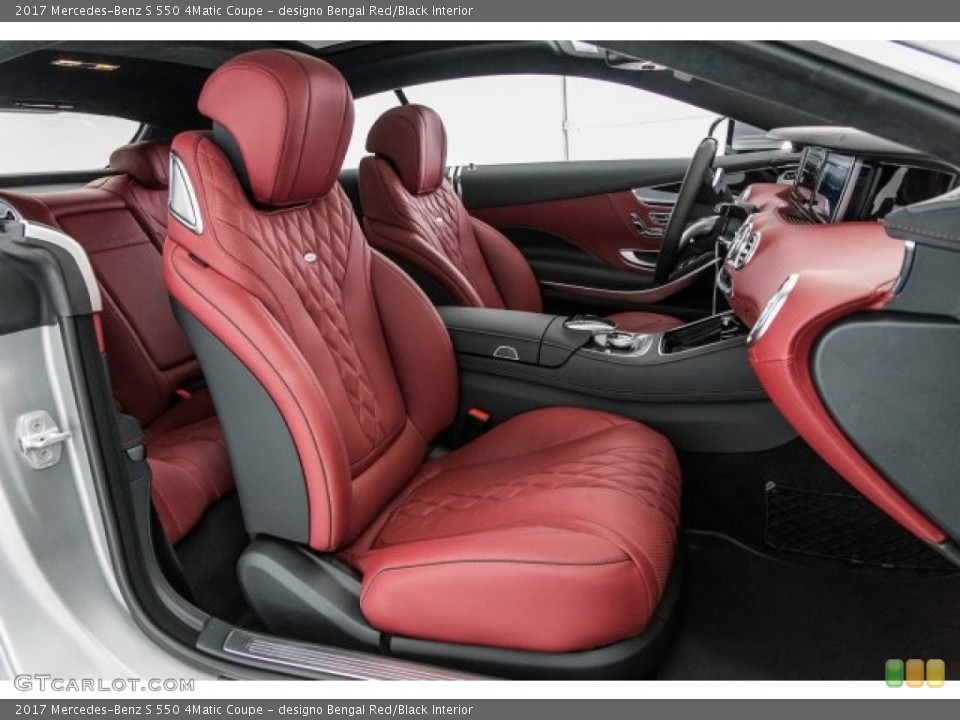 designo Bengal Red/Black Interior Photo for the 2017 Mercedes-Benz S 550 4Matic Coupe #120456008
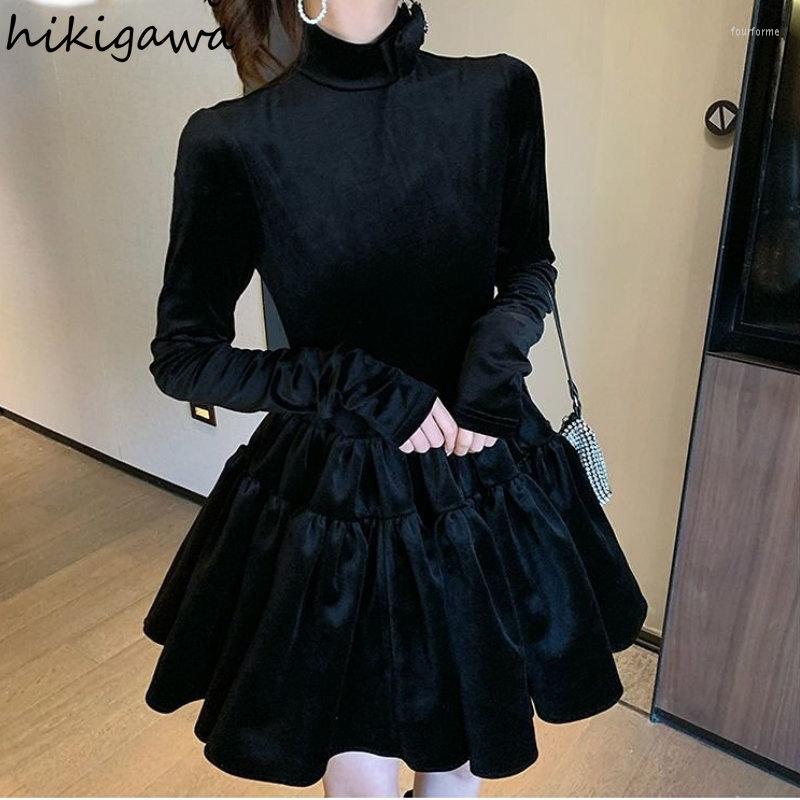 Casual Dresses 2023 Vestidos De Mujer Fashion Women Half High Collar Bow Tunic Sweet Party Dress Temperament Black Robe Femme 27k475
Casual Dresses 2023 Vestidos De Mujer Fashion Women Half High Collar Bow Tunic Sweet Party Dress Temperament Black Robe Femme 27k475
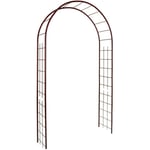 Lmoulin - louis moulin Arche tube ROND20 treillage fer vieilli - 130x40x250 cm - Acier époxy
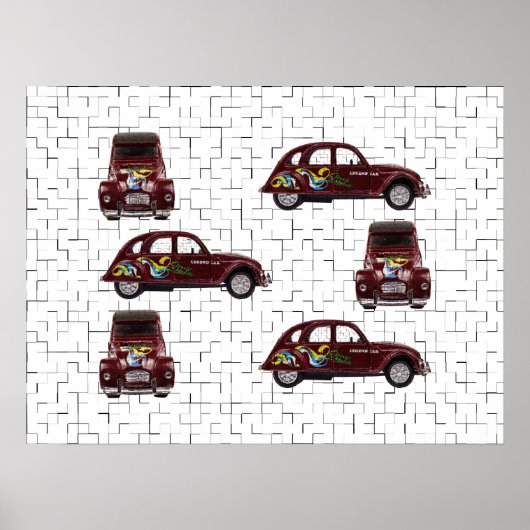 Poster Citroën 2CV - Ente - Döschwo (Devant)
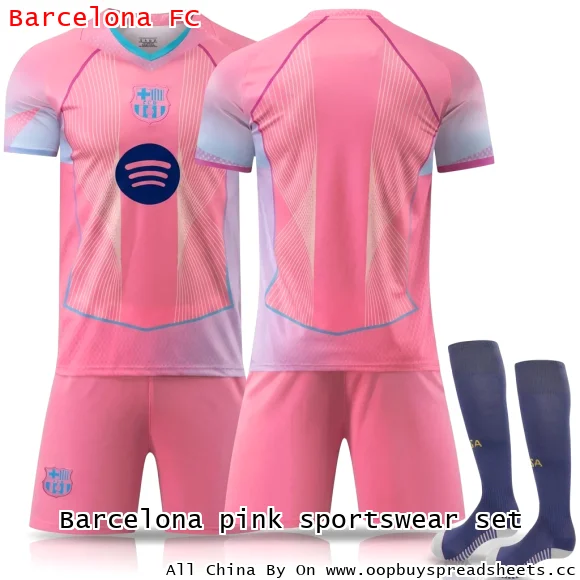 Barcelona pink sportswear set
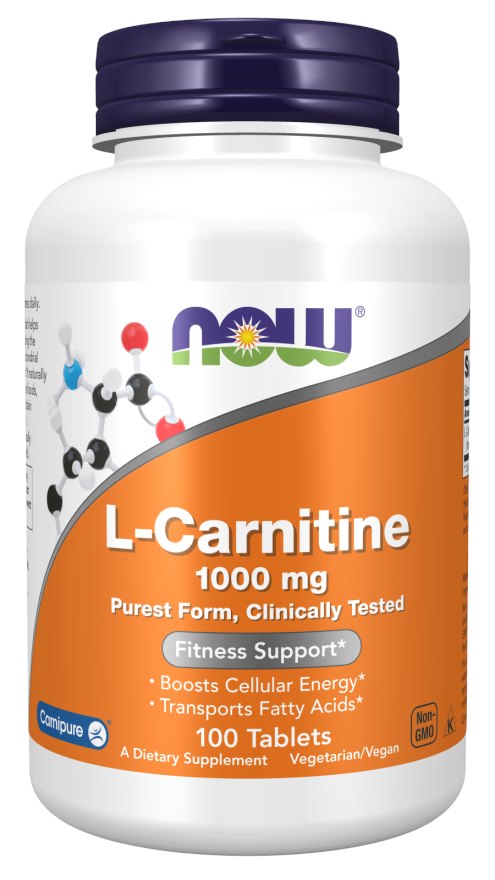 NOW FOODS L-karnitiin - L-karnitiin 1000 mg 100 tabletti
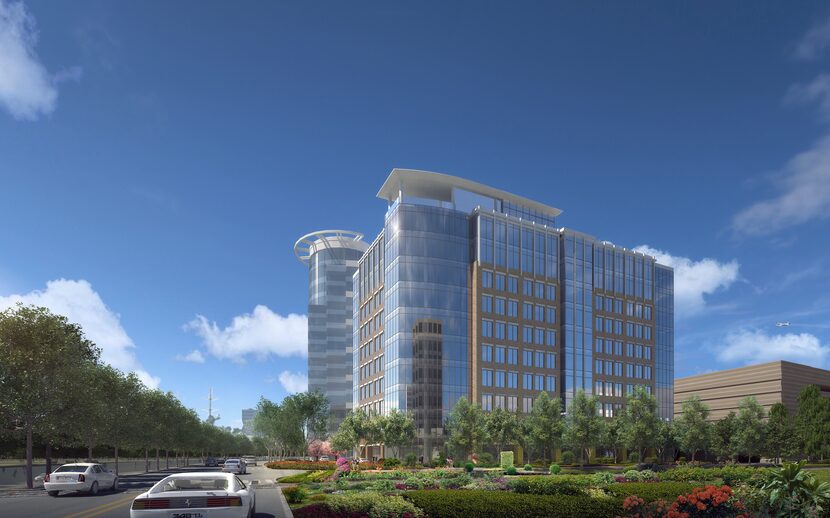 The office tower is planned just north of Arapaho Road.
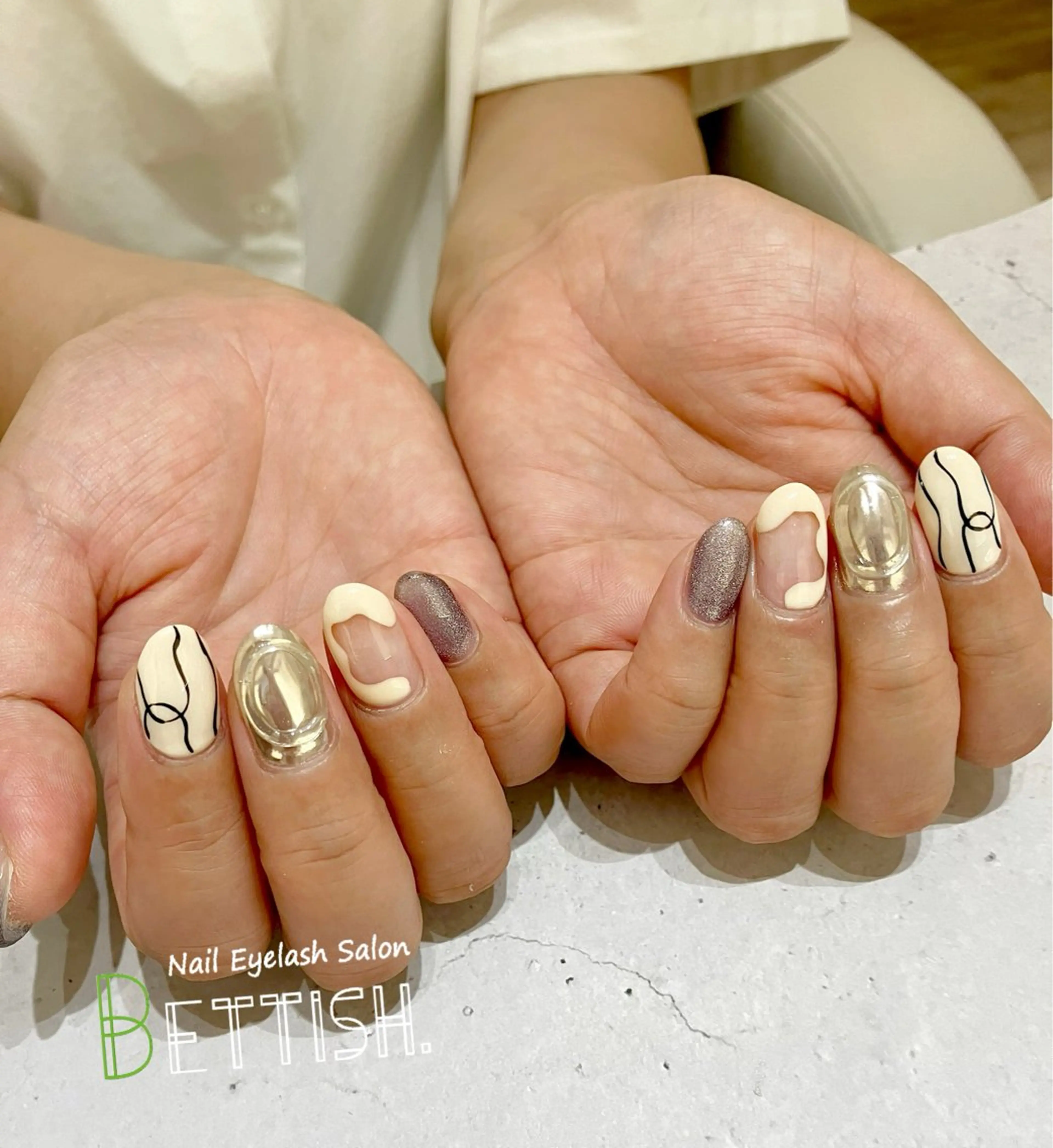 ネイル ハンドネイル BETTISH. KUMIKO☺︎︎のネイルデザイン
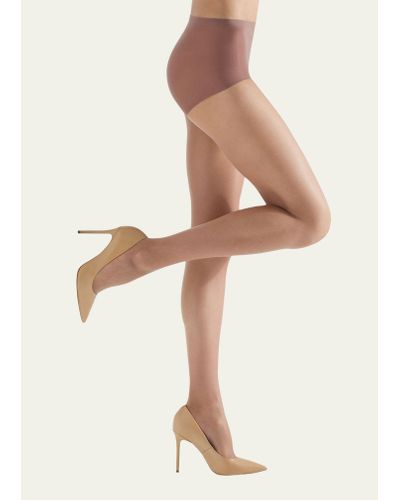 Natori 2-pack Soft Suede Ultra Sheer Control-top Tights - Natural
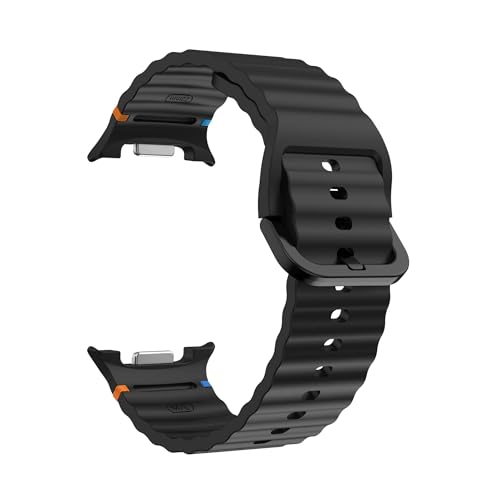 Silikonband for Samsung Galaxy Watch 8 40 mm 44mm Correa pulseira Armband for Galaxy Watch8 Classic 46mm Sportarmband Zubehör(Black,For Watch 8 40mm) von PPzsyxx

_Exercise details_
Given the entries above, transcribe exactly the lines from the one holding "The office tower" through the one holding "Natori 2-pack Soft"; pictures do not belong in the transcription.

_Answer space_
 The office tower is planned just north of Arapaho Road.
 ネイル ハンドネイル BETTISH. KUMIKO☺︎︎のネイルデザイン
 Natori 2-pack Soft Suede Ultra Sheer Control-top Tights - Natural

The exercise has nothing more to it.